Pictures in the data below are not part of the copy; transcribe everything else exactly.

* [DATA PROVIDED]:

■ ■ ■

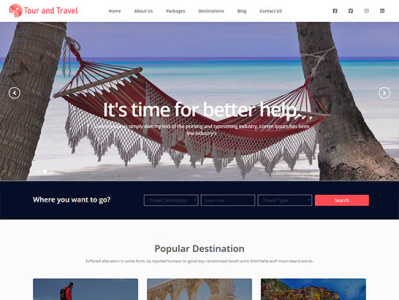 Free travel and Tour website Template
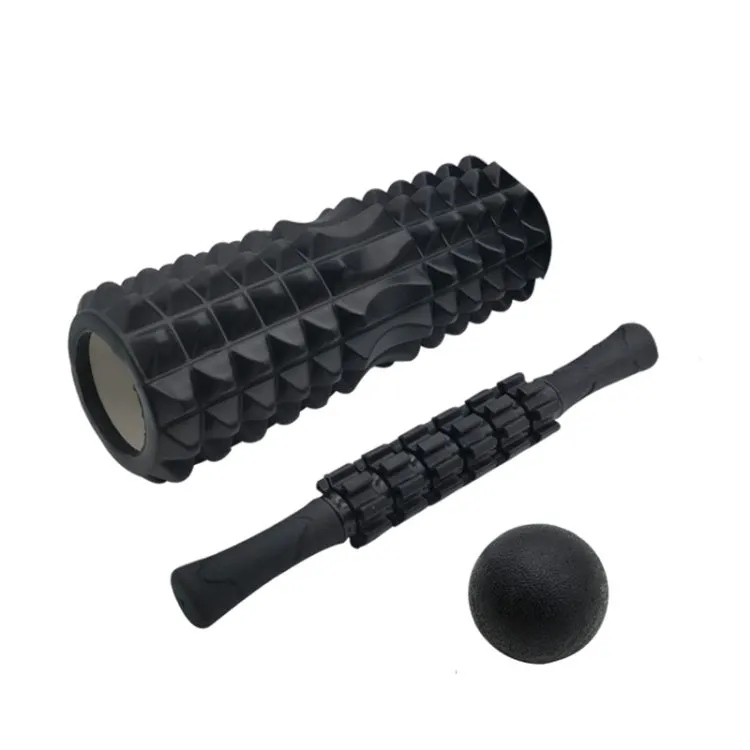 3pcs/set Crescent Hollow Foam Roller Yoga Column Set Fitness Muscle Relaxation Massager Set(45cm Black)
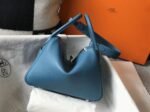 Replica Hermes Lindy 26cm bag in blue jean fabric - Image 8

■ ■ ■

* [RESULT FOR THIS TASK]:
 Free travel and Tour website Template
 3pcs/set Crescent Hollow Foam Roller Yoga Column Set Fitness Muscle Relaxation Massager Set(45cm Black)
 Replica Hermes Lindy 26cm bag in blue jean fabric - Image 8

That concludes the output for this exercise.